佐竹義宣家臣・車丹波守斯忠(つなただ)、渾名は猛虎(たけとら)

佐竹の家臣では真壁氏幹とか客将・梶原政景辺りが名が知られていますが、車丹波守斯忠と言う武将がいました。この武将元々は常陸国の車城主(現在の北茨城市)・車兵部大輔義秀の子であり、車家は岩城氏の庶流、父義秀は佐竹に対する最前線として佐竹に抗していましたが、後に佐竹に降ります。車丹波守斯忠は、なかば人質として佐竹義重に仕え、次第に武功をあげ猛将として名を馳せます。

慶長5年(1600年)の関ヶ原の戦いでは、佐竹は中立を保ちますが、実は車丹波守斯忠は佐竹義宣の命により、佐竹家を離れ士卒300人を率い上杉景勝に助力したと言う説があります。その説によると、福島・梁川で伊達攻めに参戦しています。

家康による関ヶ原の戦後の仕置きにより、佐竹義宣は常陸国54万石から出羽秋田に20万石に減封の上領地替えになりましたが、この時、車丹波守斯忠はこれに猛反発し、水戸城を奪還しようとし徹底抗戦します(徳川頼房の暗殺まで計画した)が、これに失敗します。慶長7年(1602年)7月、捕縛されて子の主膳正光とともに磔刑に処されます。勇猛な武将を罪人なみに磔刑に処した話しを聞いた徳川家康は不機嫌になり、

「武家の道を知りたる者を空しく殺しけるよ」

と嘆いたと伝えられてます。

現在の水戸市元吉田には、車丹波守斯忠の居館跡である吉田城跡があり、その近くには磔刑に処された場所があり、地元では「きつね塚」と呼ばれています。また、首塚も残っており、幕末には長州藩の吉田松陰が車丹波守斯忠の勇猛さを知り、訪れてお参りしています。

この話しには続きがあります。磔刑に処された車丹波守斯忠には、善七と言う子が居ました。善七は仇を取ろうとして徳川家の草履取りになり、家康の命を狙ったと言います。しかし露見して家康の元へ引き出されました。それを見た家康は

「其の孝義勇壮を感じ給ひ、追って有司に命ぜられて、乞食の徒の首領と」したといいます。

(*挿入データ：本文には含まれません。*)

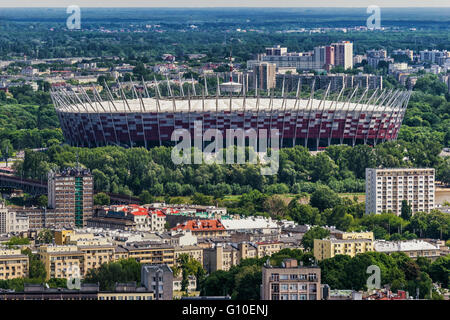 Vista dal palazzo della cultura e della Scienza (Palac Kultury i Nauki) per lo stadio nazionale, Varsavia, Masovian, Polonia, Europa Foto Stock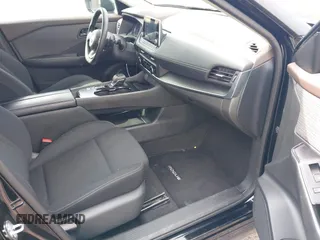2023 Nissan Rogue S z VIN 5N1BT3AA1PC899142, wystawiony jako IAAI lot #42449369 z przebiegiem 48 754 mil mil oraz . Historia ofert i sprzedaży dostępna na DreamBid. Obrazek 5.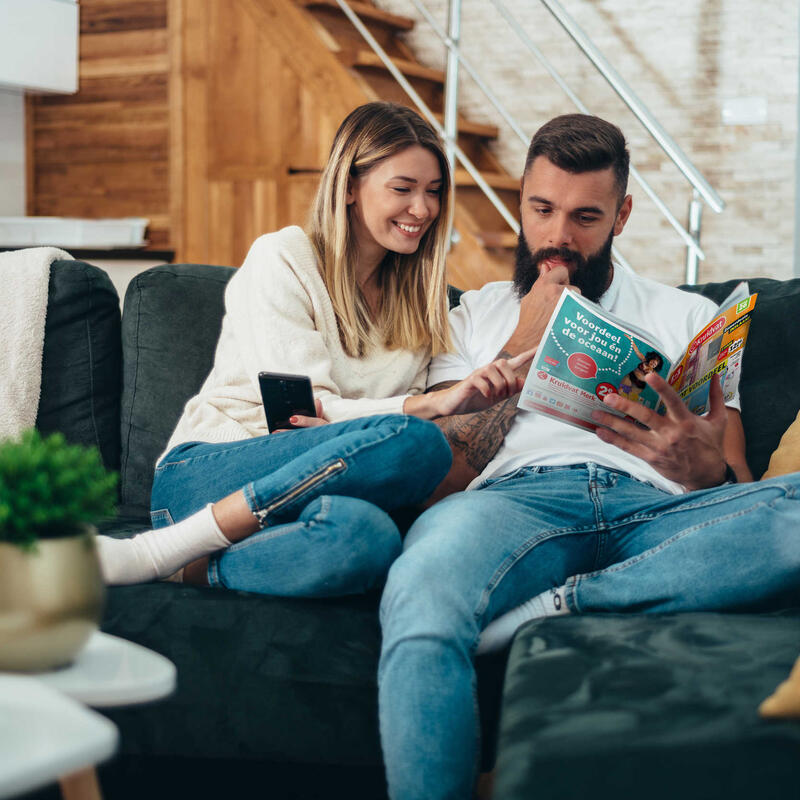Een man en een vrouw zittend op een bank
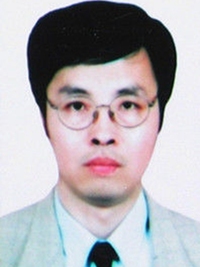 黄炜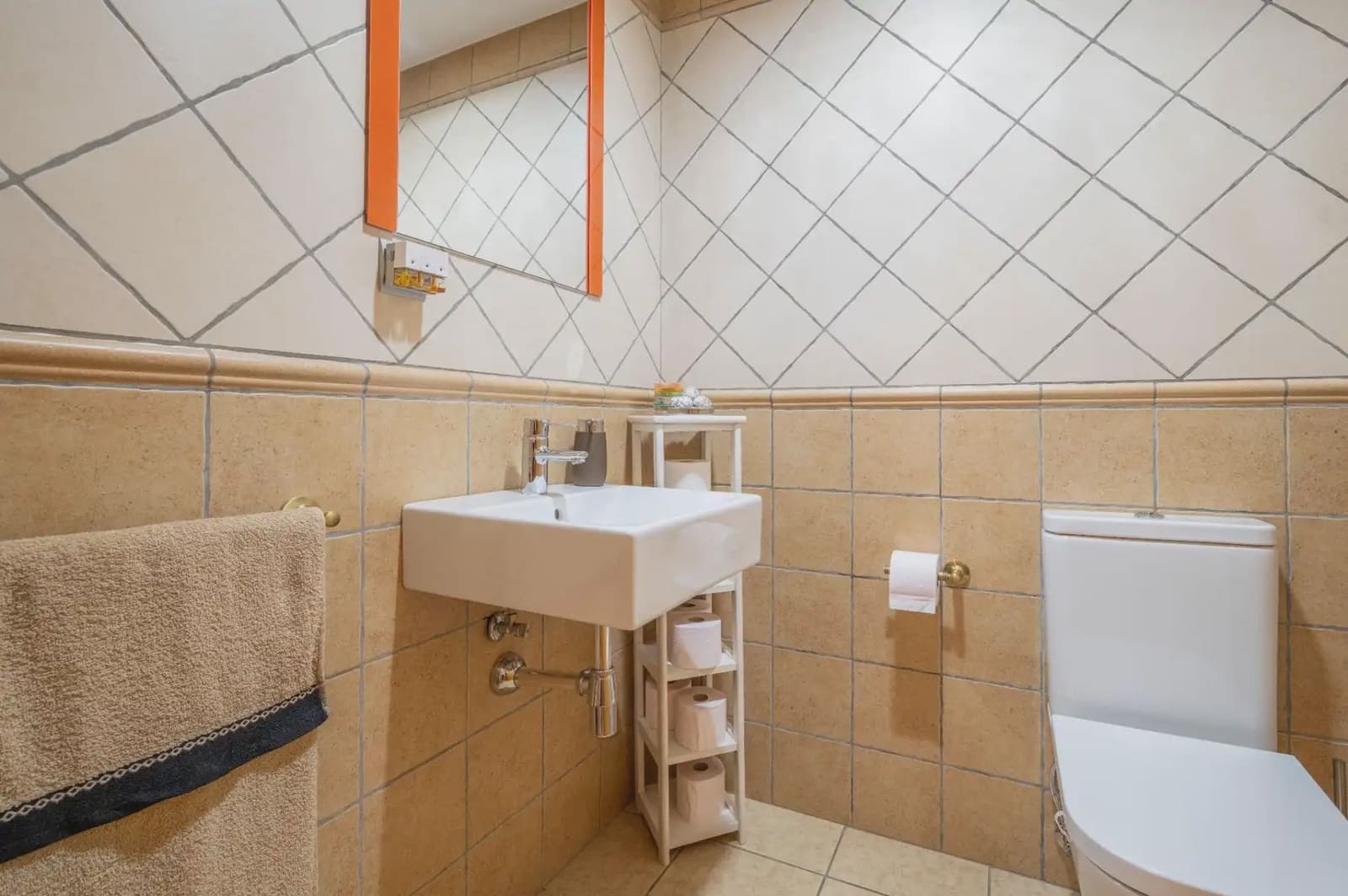Villa til salg i Albolote med swimmingpool garage - € 455.000 (Ref: 9837230)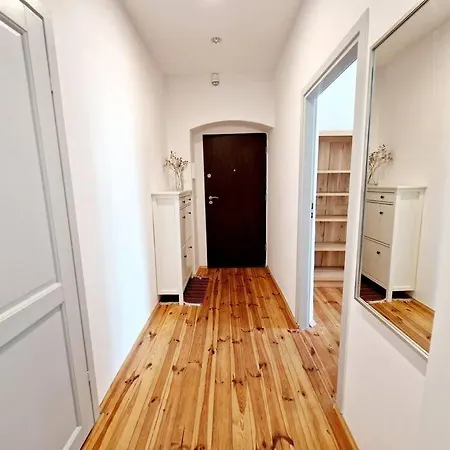 Separated Bedroom, Living Room, Fast Wi-fi, 50m2 Litewska 12 Lejlighed Warszawa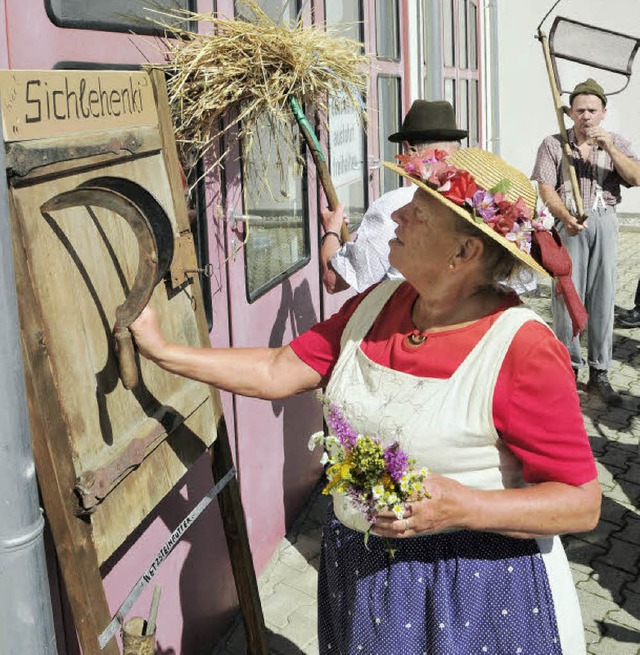 Mit Schmackes wird die Sichel ins Sche...rd das Ende der Getreidernte gefeiert.  | Foto: Alexander Anlicker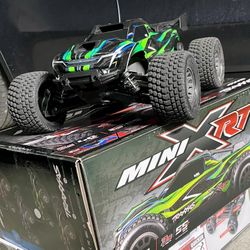 Traxxas Mini Xrt Like New 3 Days Old Used Twice 
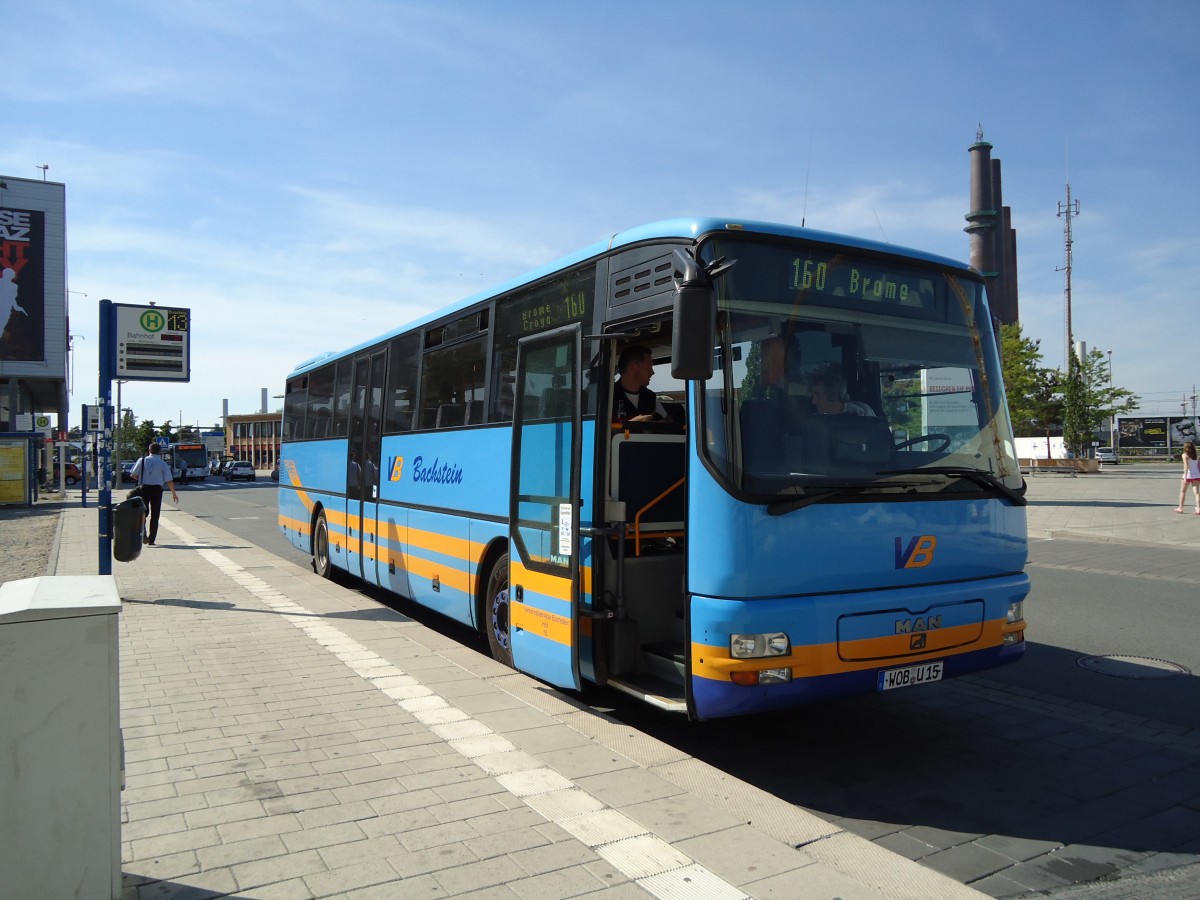 (127'766) - VB Bachstein, Wolfsburg - Nr. 15/WOB-U 15 - MAN am 8. Juli 2010 beim Hauptbahnhof Wolfsburg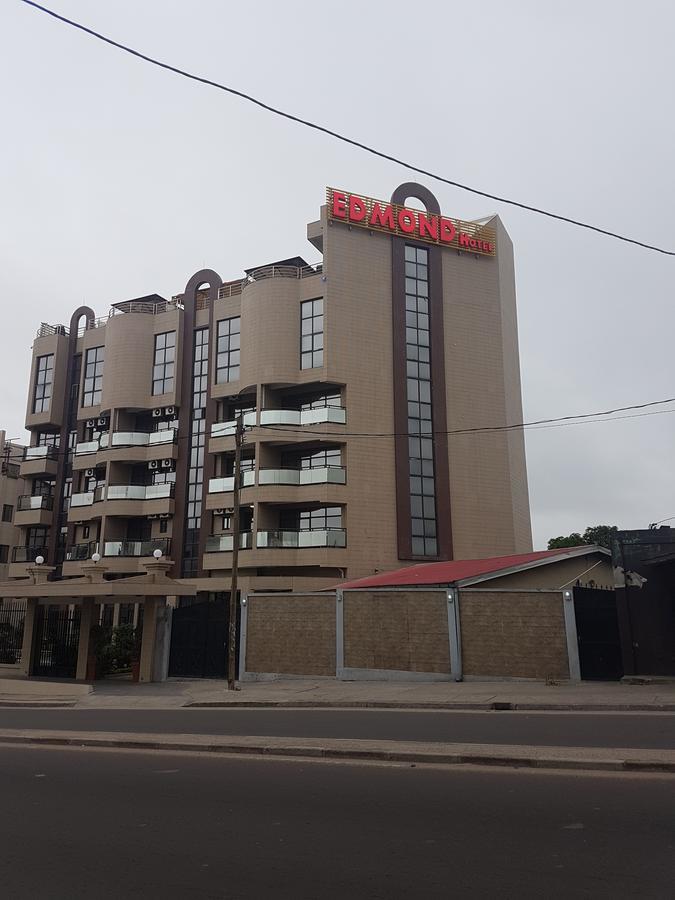 Edmond Hotel Brazzaville Bagian luar foto
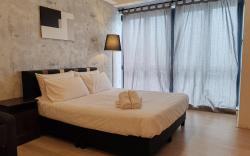 2-4pax Stylish Lily Studio Revo Pavilion Bkt Jalil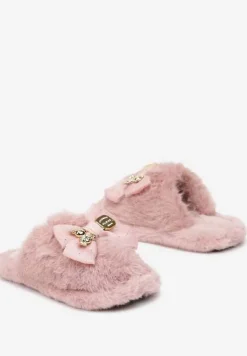 Ciemnoróżowe Kapcie z Futerkiem Zdobione Kokardą z Metalowymi Aplikacjami Filora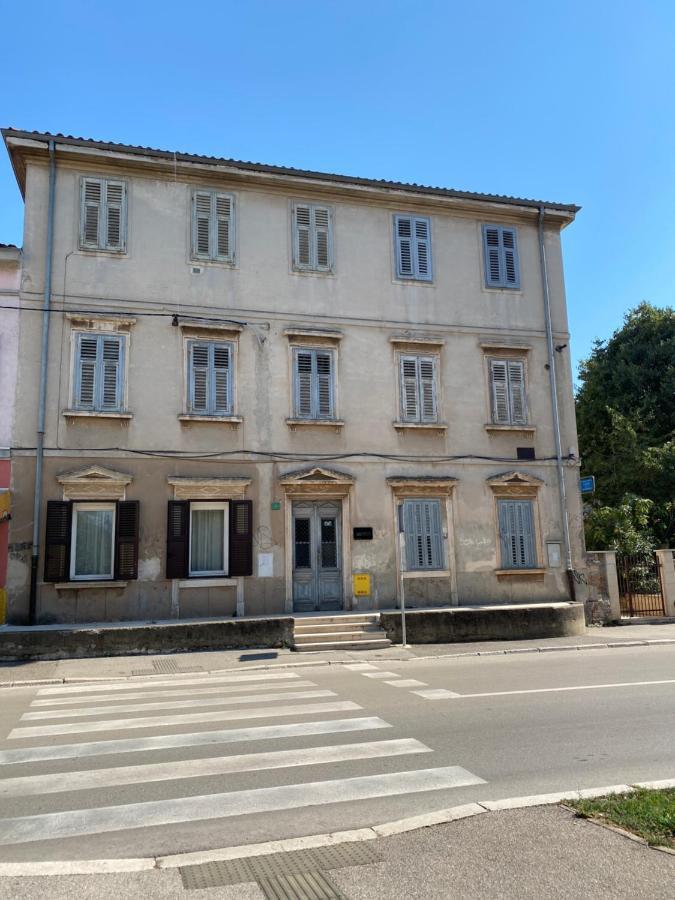 Ferienwohnung New Stylish & Modern Studio Apart - With Sea View Pula Exterior foto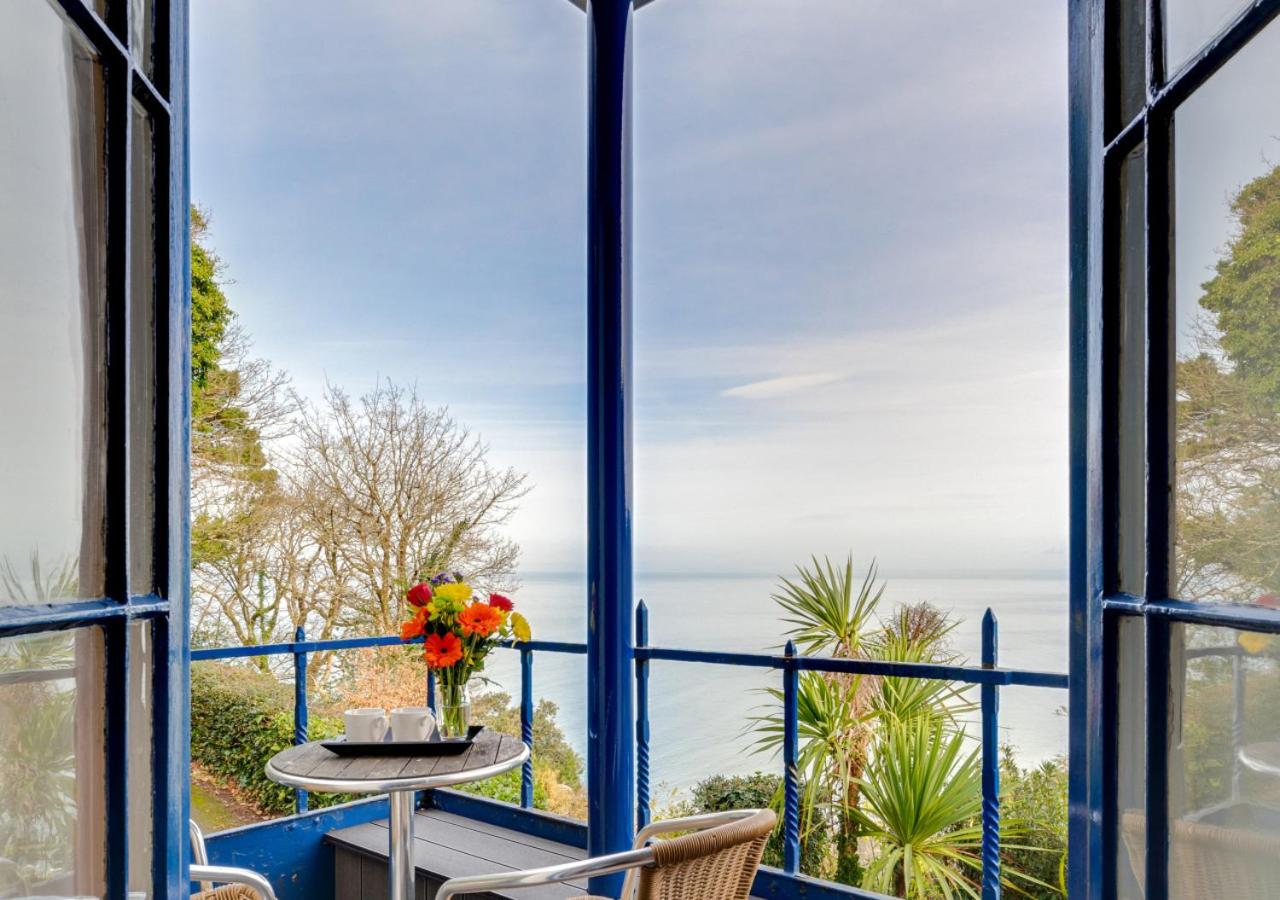 2 Bed in Lynton oc-orange view 3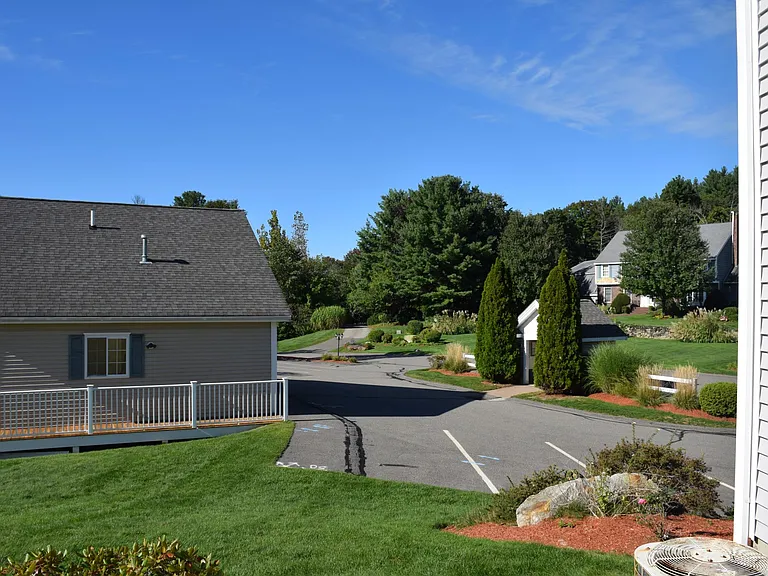 27 Georgetown Dr — Photo 13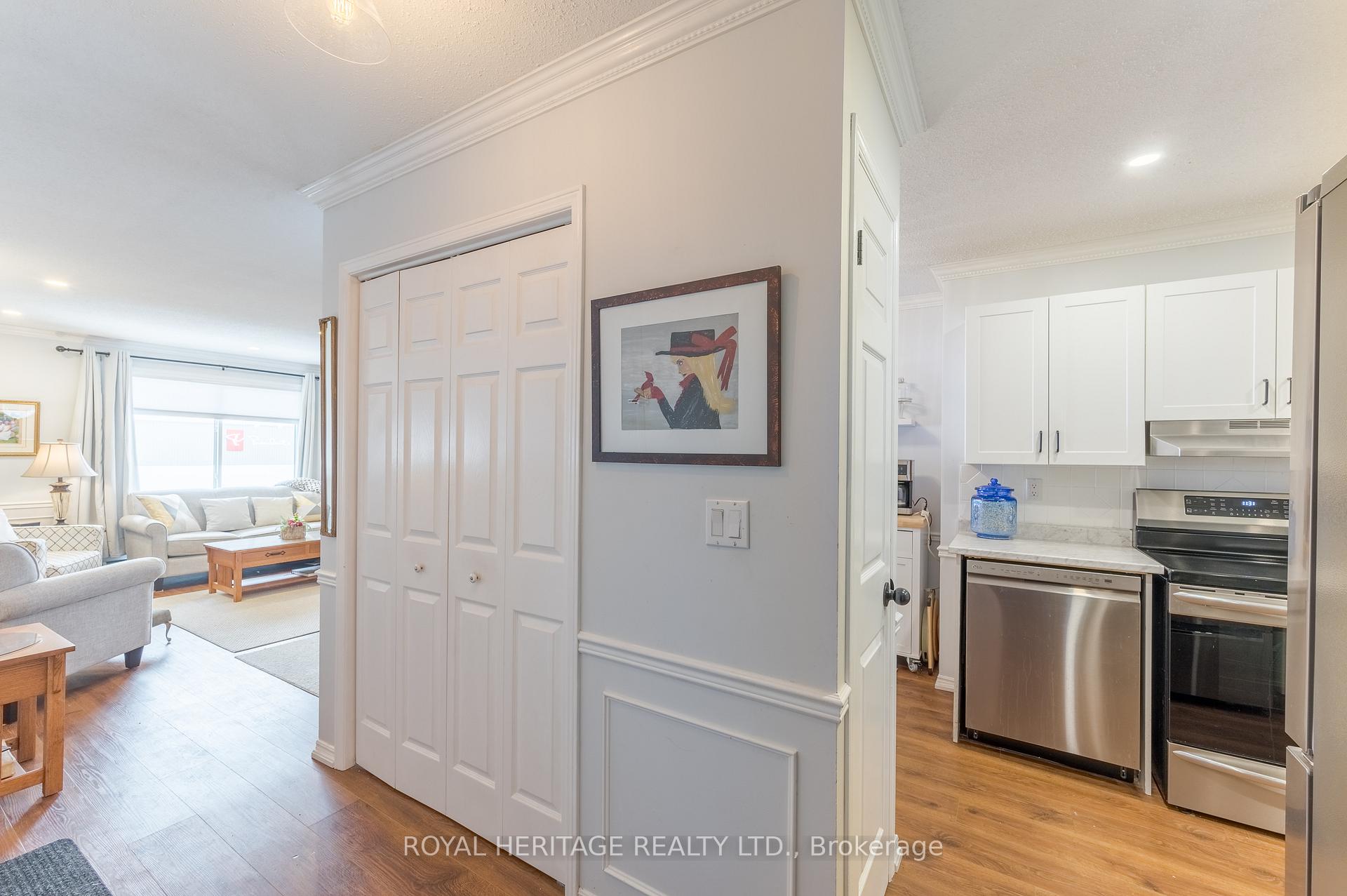 Photo 10 of Unit 208, 90 King Street E, Kawartha Lakes, Bobcaygeon — HOMEH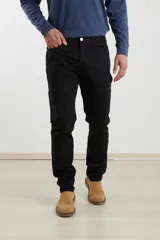 Pantalón de corte recto y estilo clásico, confeccionado en sarga de algodón con elastano. Cuenta con diseño de cinco bolsillos, cierre frontal con botón metálico y costuras reforzadas.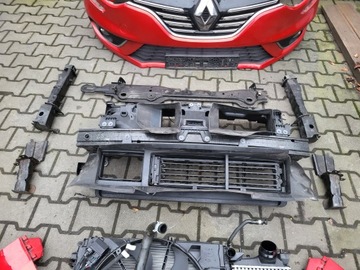 Renault Megane IV Передний бампер Капот Крылья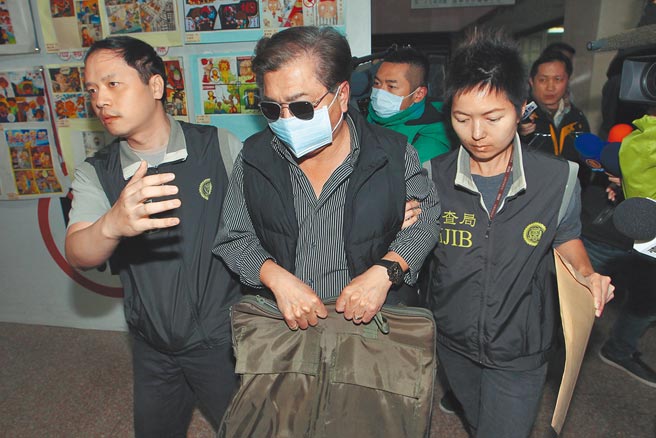 「空战英豪」前空军上校葛季贤、前中校楼文卿，卷入镇小江共谍案，17日仍判无罪。图为2015年调查局将葛季贤（左二）移送地检署侦办。（本报资料照片）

この善七が、実は「フーテンの寅さん」のモデルの一人である江戸浅草の非人頭の車善七の初代と言われています。

車丹波守憤恨の地、ここで隠れていて咳をした為に見つかってしまいました。

幕末には長州の吉田松蔭が訪れれたと言います。
                                 車塚


車丹波守斯忠が磔刑に処せられた場所です。地元では「きつね塚」と呼ばれています。

吉田城です。車丹波守斯忠の居城になります。
吉田城には江戸期に水戸光圀が常照寺を創建しました。